→ Dataset excerpt:
• • • • •
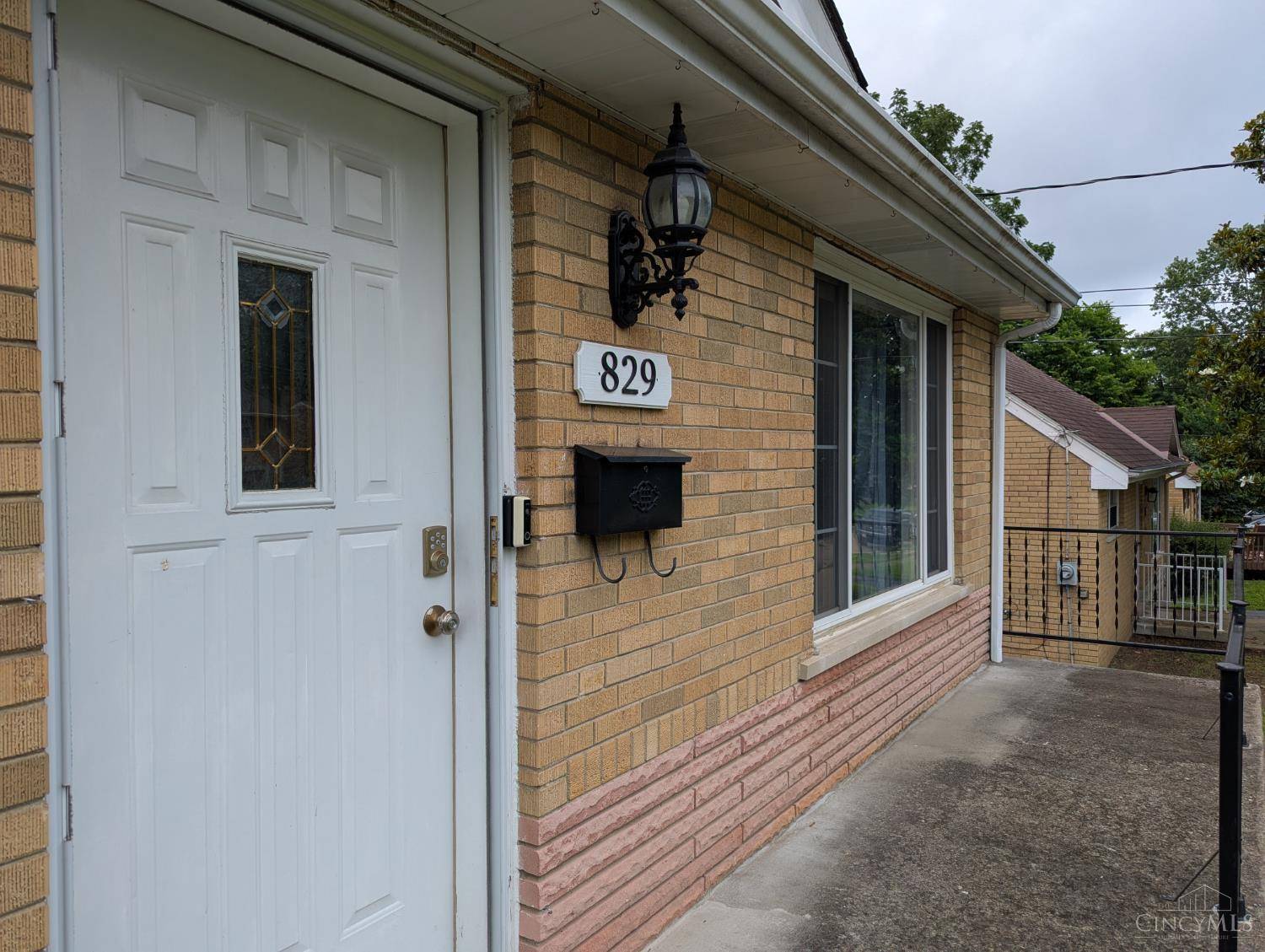 Delhi Twp, OH 45238,829 Ivyhill Dr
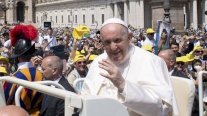 البابا فرنسيس ممازحاً: 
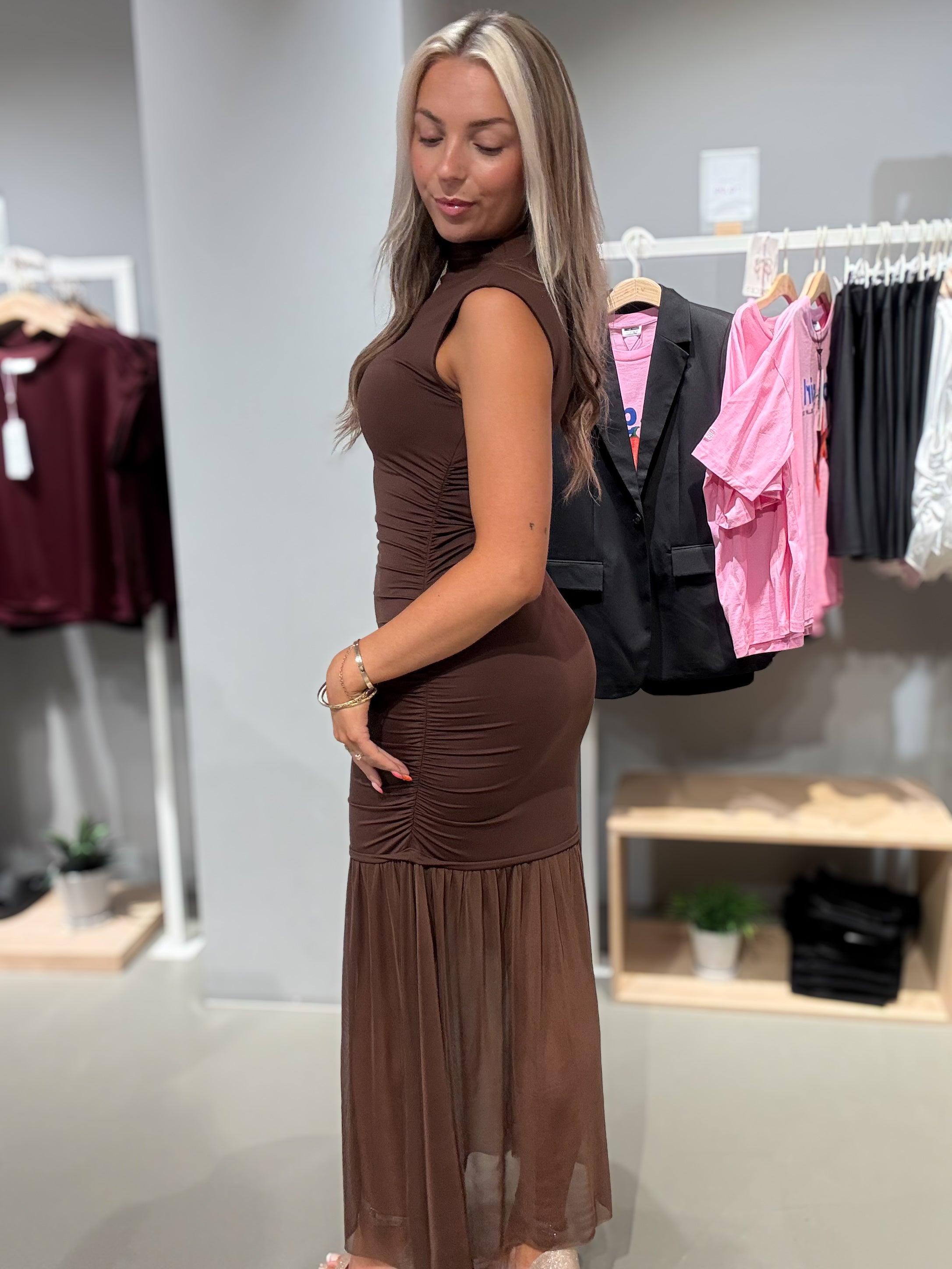 VIKENZA Long Dress - Shaved Chocolate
• • • • •
→ Aim of the task: Exactly as given, set down each line of the material, but include no pictures.

→ Exercise solution:
 Delhi Twp, OH 45238,829 Ivyhill Dr
 البابا فرنسيس ممازحاً: 
 VIKENZA Long Dress - Shaved Chocolate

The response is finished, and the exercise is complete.